The NSA was able to access (and accessed) text messages, telephone calls and internet traffic including searches, chats and messaging services -- including those of Merkel, then-foreign minister Frank-Walter Steinmeier and then-opposition leader Peer Steinbruck, DR said.
This, too, was not news, but since most don't remember yesterday's news cycle let alone that from 2013, European leaders had no choice but to address, which they did when the leaders of Europe, French President Emmanuel Macron and German Chancellor Angela Merkel, said that they expected the US and Danish governments to present explanations over allegations of spying by Washington on European allies with Copenhagen's aid (the alternative would give the impression that the US can do whatever it wants without any accountability to anyone... which of course is the correct impression).
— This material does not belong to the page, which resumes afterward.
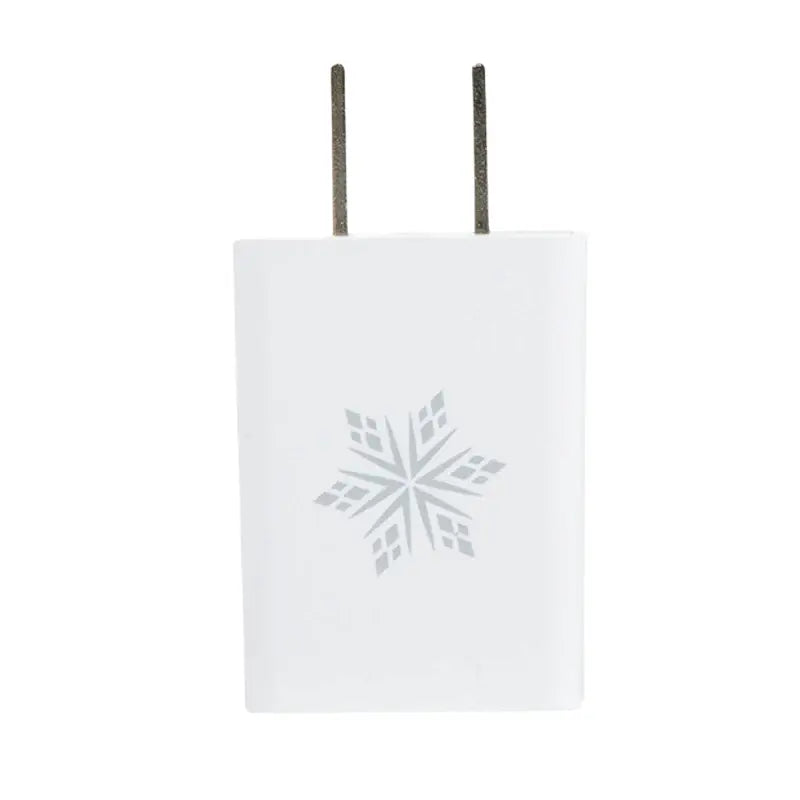 SNOW® Toothbrush Charger: Travel-Friendly Power Adapter That Keeps Your Snow Devices Powered Wherever You Go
"This is not acceptable between allies, and even less between allies and European partners," said Macron after a French-German summit meeting held via video conference between Paris and Berlin. "I am attached to the bond of trust that unites Europeans and Americans," Macron said, adding that "there is no room for suspicion between us".
At this point the background laughter could be clearly heard.
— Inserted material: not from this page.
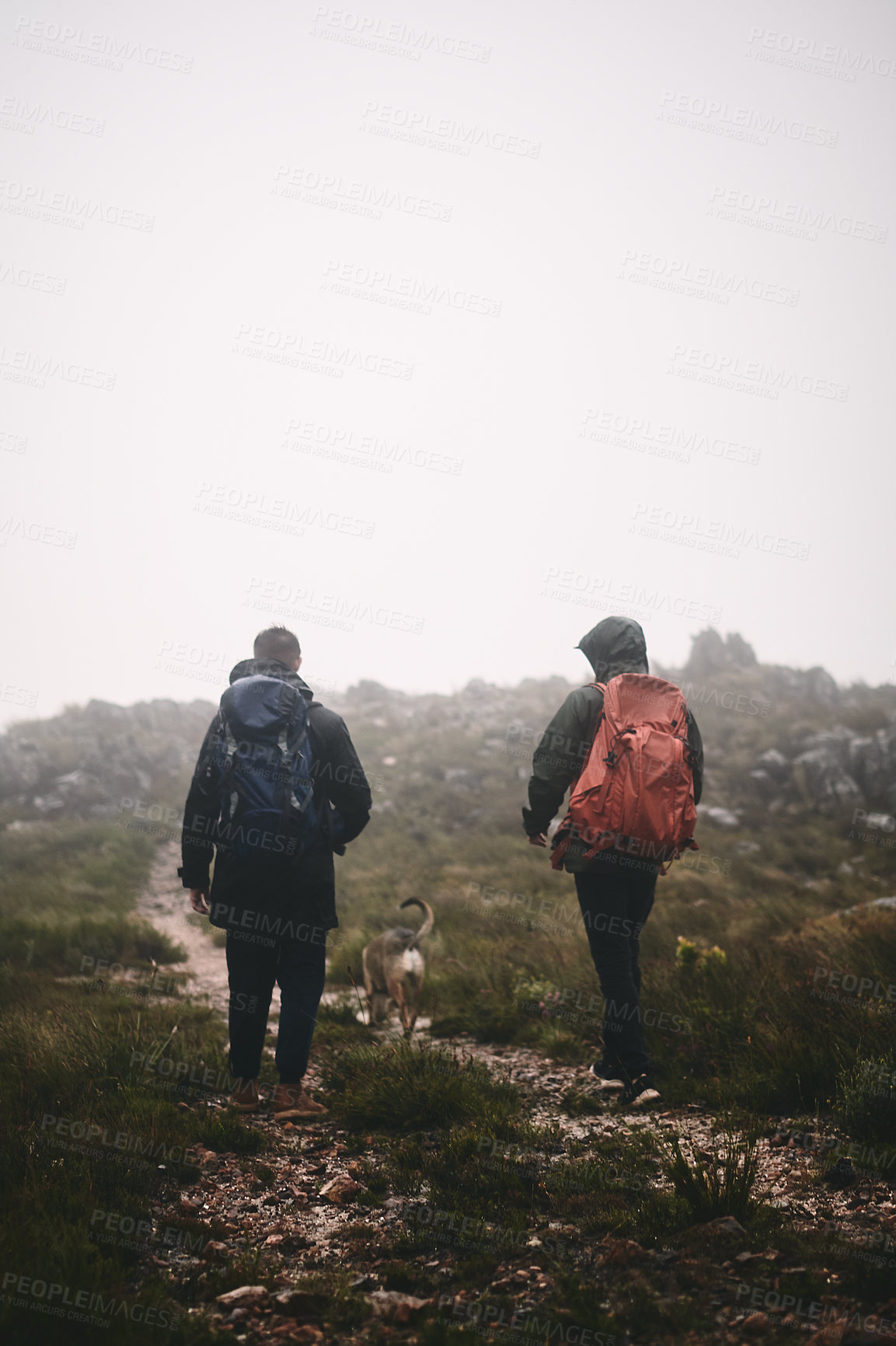 Buy stock photo Shot of two friends and a dog out hiking in the mountains on a foggy day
As for Merkel, who supposedly told Germany's Stasi secret police Stasi that she could not keep secrets well enough to be an effective spy when told to spy on her colleagues, she said she "could only agree" with the comments of the French leader, adding that she was "reassured" by statements by the Danish government, especially Defence Minister Trine Bramsen, condemning such actions.
"Apart from establishing the facts, this is a good starting point to arrive at relations that are truly based in mutual trust," she said.
Alas, she was not reassured by Obama's vice president, Joe Biden, who was last seen facing immense challenges trying to determine what year it is.
And since Merkel isn't that much younger, we will leave the last word to Macron who said that "what we are waiting for complete clarity. We requested that our Danish and American partners provide all the information on these revelations and on these past facts. We are awaiting these answers."
Considering that Obama spied on his own Congress ("A Brief History of the CIA's Unpunished Spying on the Senate") just as generously as he spied on foreign leaders, we urge Macron not to hold his breath, especially since even having bad thoughts about Obama automatically makes the French president a racist.